HMRC already operates a clearance regime under code of practice 10, to which the hon. Gentleman referred, in cases in which the application of recent legislation to planned transactions is uncertain. As we can all see, when legislation is new there could well be uncertainty about exactly what it means. In that situation, a clearance regime is appropriate so that people can discuss with HMRC whether the transactions described will work in the way that is intended, particularly in the case of larger businesses. Such businesses have access to a clearance system in wider circumstances, following the implementation of Sir David Varney’s recommendations on HMRC’s links with them.

However, as the hon. Gentleman rightly said, HMRC will not entertain requests for clearance if it is obvious that the motive behind the application is to avoid tax.
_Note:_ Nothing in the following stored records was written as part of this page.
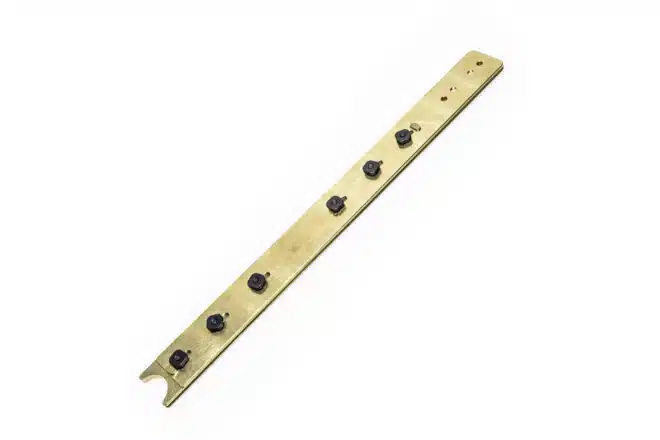 Brass FOUNDATION Full Length Arca 15.8" AFW Compatible - Image 2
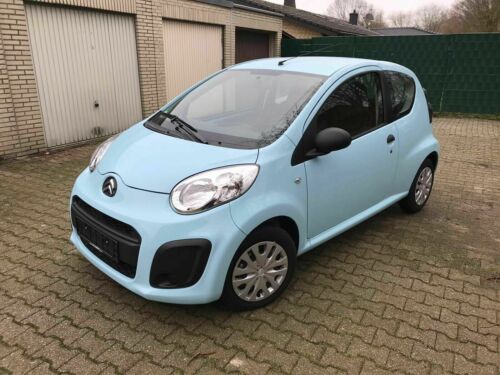 Très bon Citroen C1 - 2013 Citadines 1.0 68ch 3P Essence 4cv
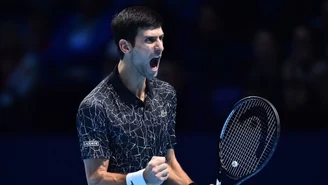 Novak Djoković zrównał się z Rogerem Federerem, ale daleko mu do Jimmy’ego Connorsa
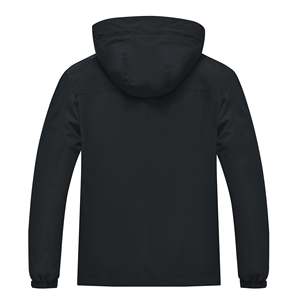 4 Way Stretch <b>Men</b> Windproof <b>Jacket</b> Technical Fabric Active Sport Coat Flexible Performance Athletic Outerwear Wear - Product Image 2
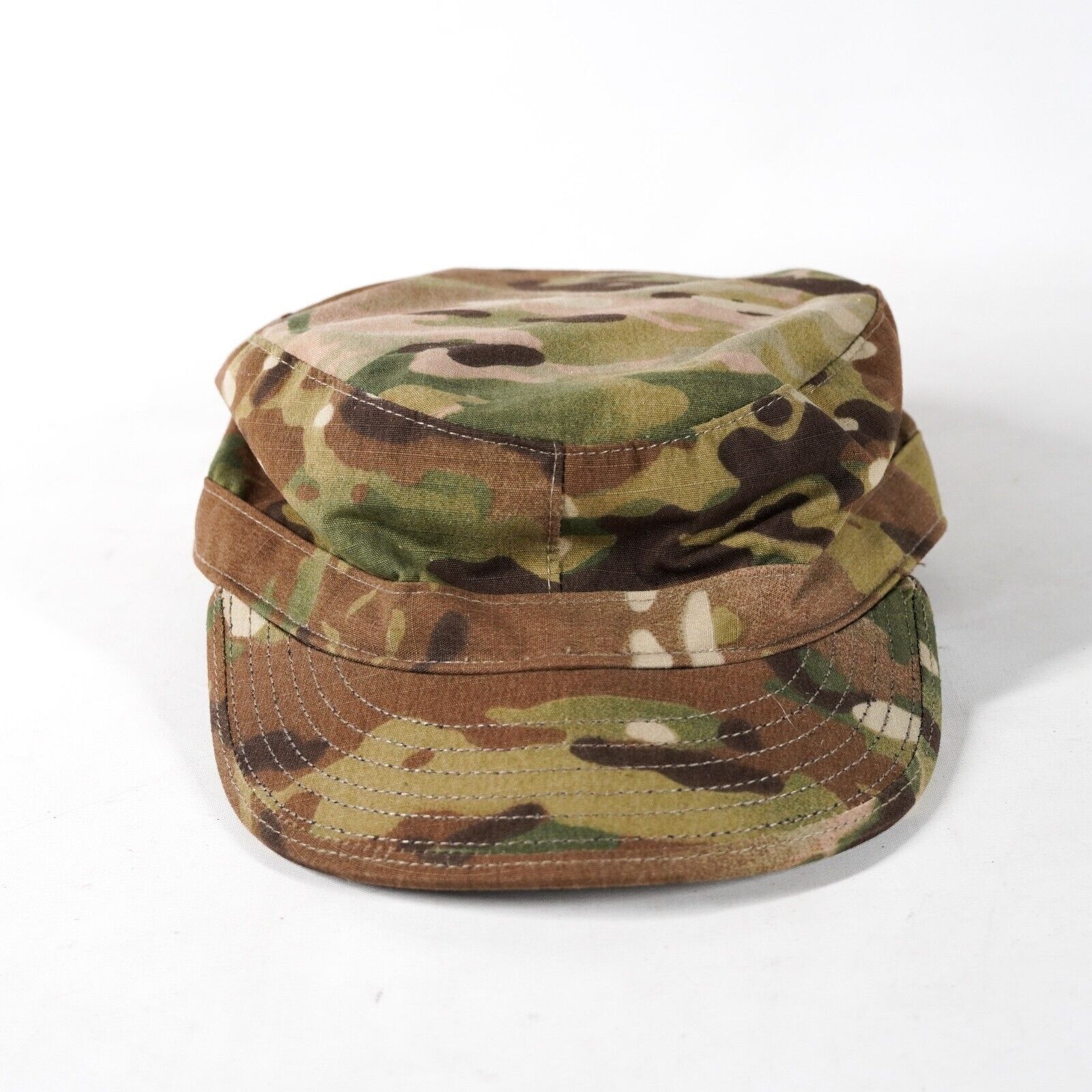 Other Army Marines Military Camoflauge Camo Fitted Hat Cap Green Size ONE SIZE - 5 Thumbnail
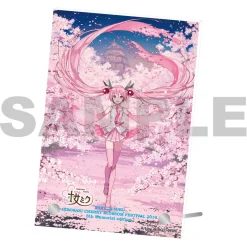 Sakura Miku x Hirosaki Sakura Festival 5th Memorial Acrylic Plate Online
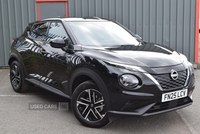 Nissan Juke 1.6 Hybrid N-Connecta 5dr Auto in Antrim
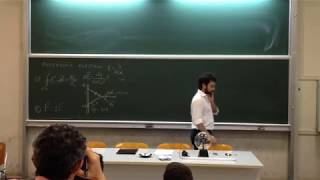 Prof Marco Mazzeo Fisica 2  Lezione 05 Potenziale Elettrico [upl. by Annoyed30]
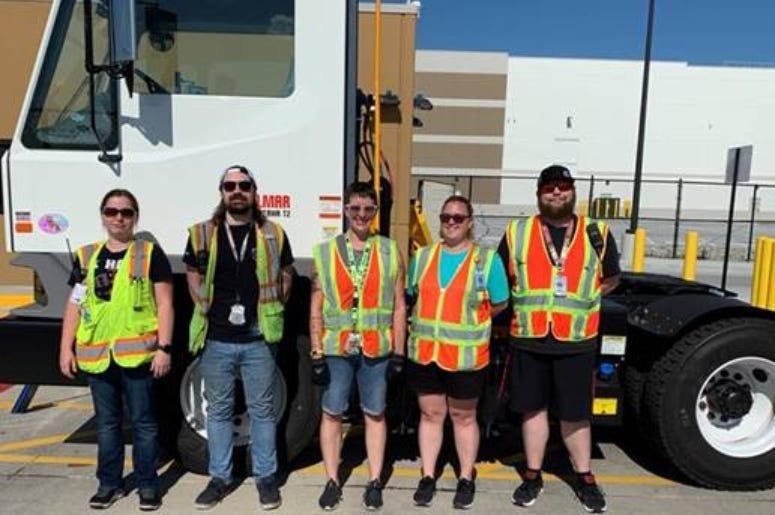 Missouri's first Amazon fulfillment center
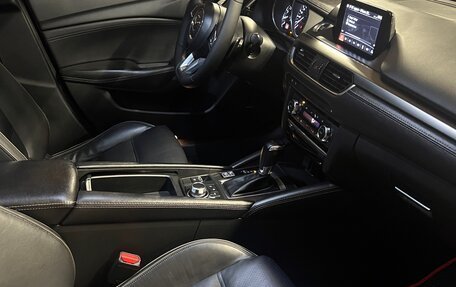 Mazda 6, 2017 год, 1 800 000 рублей, 15 фотография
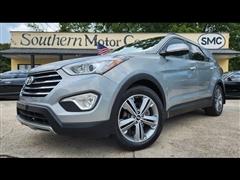 2015 Hyundai Santa Fe 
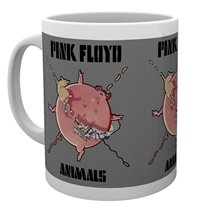 Animals - Pink Floyd - Fanituote -  - 5028486379668 - maanantai 3. kesäkuuta 2019
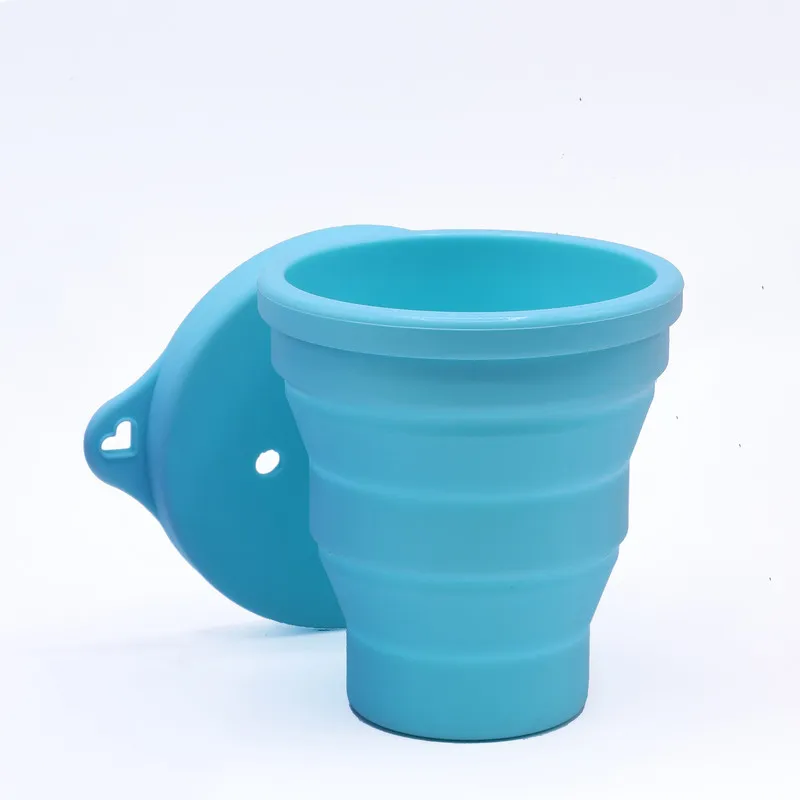 لیوان ضدعفونی کننده کاپ قاعدگی لیوا فارما مدل 001 - تصویر 6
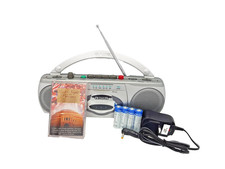 Aiwa p500 portable cassette - portable,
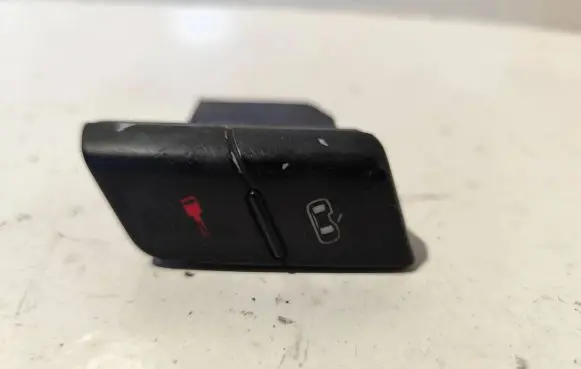 Audi A4 S4 B6 8E 8H Central locking switch button 8E1962107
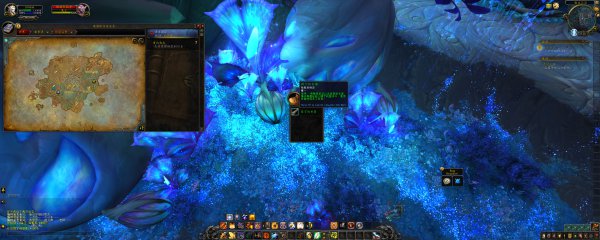 魔兽世界炽蓝仙野坐骑灵种摇篮获得攻略 魔兽世界灵种摇篮坐骑怎么获得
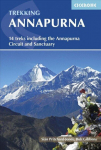 Annapurna: 14 treks including the Annapurna Circuit and Sanctuary 2nd Revised edition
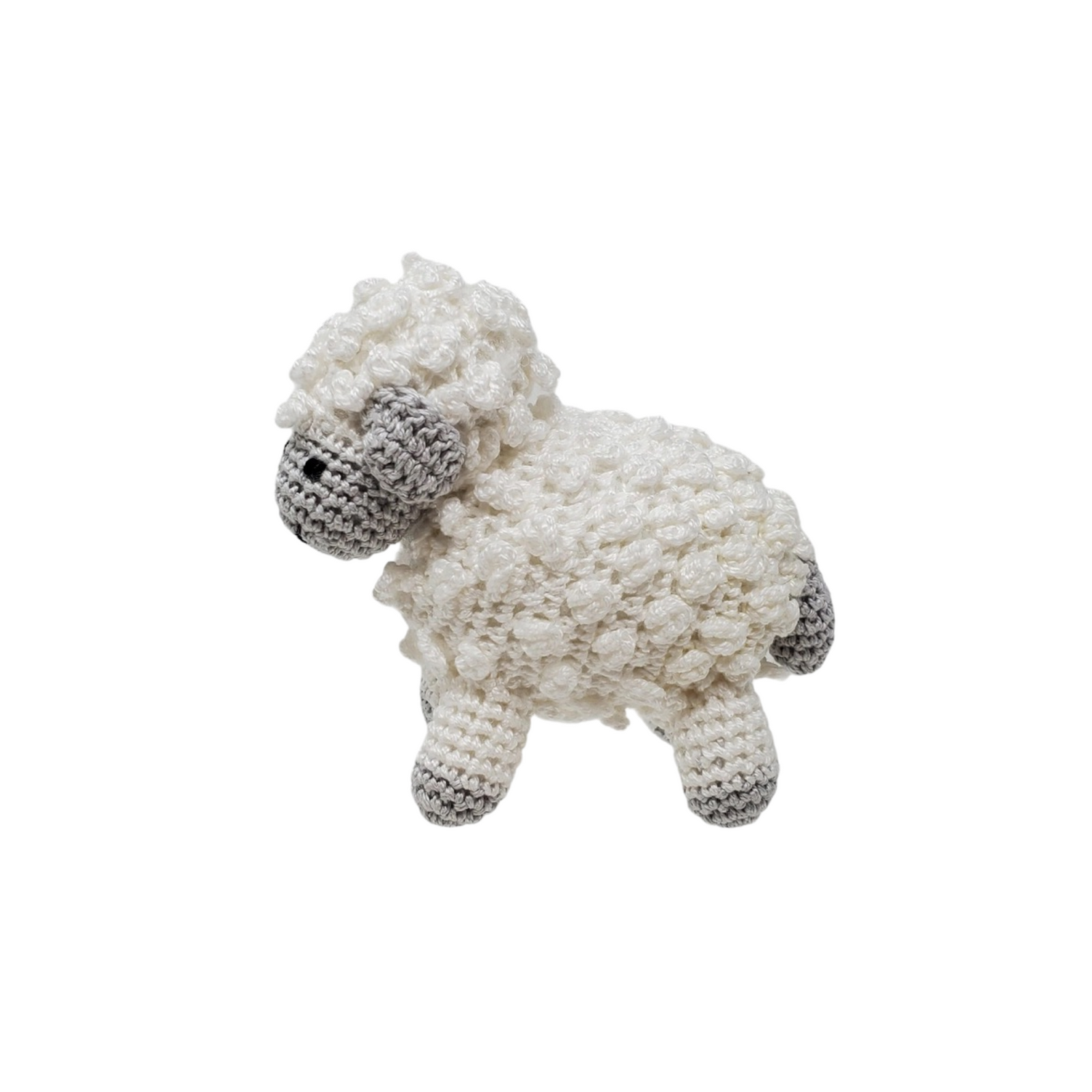 Little Crochet Lamb
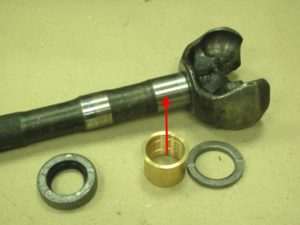 Image - DIY uaz 469 front axle gearbox repair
That policy is understood and accepted by the various professional bodies, and it is well established. I suggest to him that there is no good reason to change the policy on a situation in which disclosure will, by definition, involve arrangements that are intended to obtain a tax advantage as a key benefit.

I agree with the hon. Member for Fareham (Mr. Hoban) that the problem is that if such a facility were offered in practice, scheme promoters would take advantage of it by continually devising variations on schemes and making more changes to them until they eventually found one that worked. We would all agree that avoidance is not acceptable behaviour, and that we should not effectively ask HMRC to become complicit in avoidance by offering its promoters such a refinement service, which I fear is what would happen.

Stewart Hosie: I understand the arguments that the Financial Secretary and the hon. Member for Fareham (Mr. Hoban) are making, but is the point not that promoters are already finding schemes that work, and that the Government, the House and the Revenue are having to find and fix retrospectively, rather than saying in advance, “Yes, this may well work, but we’re going to outlaw it, and perhaps it would be better if you didn’t promote it in the first place”?

4.30 pm

Mr. Timms: The problem is that new clause 5 would help the promoters of avoidance. It would give them advice and help them clarify whether their avoidance product would work. I am sure that the hon. Gentleman accepts that HMRC should not provide such help. However, I am not averse to proposals to tighten up the way in which we tackle tax avoidance. As I shall explain shortly, we have done a great deal on that, much of which has been effective. I am certainly not saying that there is nothing further to do—there may well be—but new clause 5 would have an undesirable impact.